Thoughts On Being Old and Tired

I’m tired.  I’m almost always tired.  There doesn’t seem to be anything wrong with me physiologically, I’m just tired.  Pooped.  Worn out.  Zonked.  There are probably quite a few reasons why I am tired, all acceptable but all related to the fact that I have three young children.  I wouldn’t not have my children for all the zing in all the Red Bull in the world.

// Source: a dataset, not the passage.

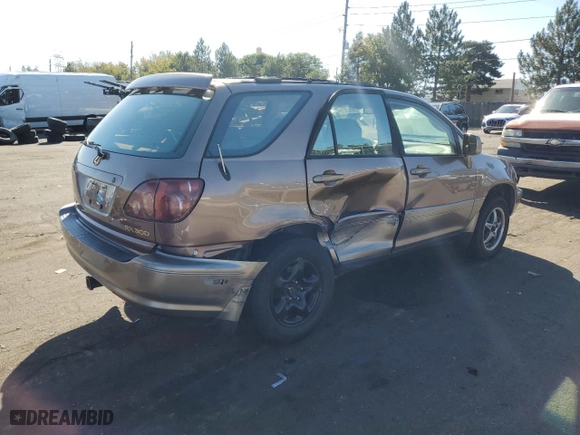1999 Lexus RX 300 Luxury SUV with VIN JT6HF10U0X0028358, listed as a Copart auction lot 72815424 with 260,257 mi miles and Salvage Title. Bid and sale history available at carsss.com. Image 3.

I’ll take tired if that is the price.  But if it’s not, can somebody please tell me how to not be so tired?  Don’t say more sleep, that is not one of the choices. 

I want to be able to have enough drive to really clean my house.  Get rid of all the dust bunnies, cob webs, and cat hair.  Go through all the stacks of papers, and find a place for everything.  No piles of stuff that doesn’t really have a home.  Organized neat closets that are easy to navigate.  Spotless toilets.  Socks all folded and in the appropriate drawers.  Nothing sticky on the floor, nothing yucky in the corners.  The very top shelves of my floor to ceiling shelves dusted.  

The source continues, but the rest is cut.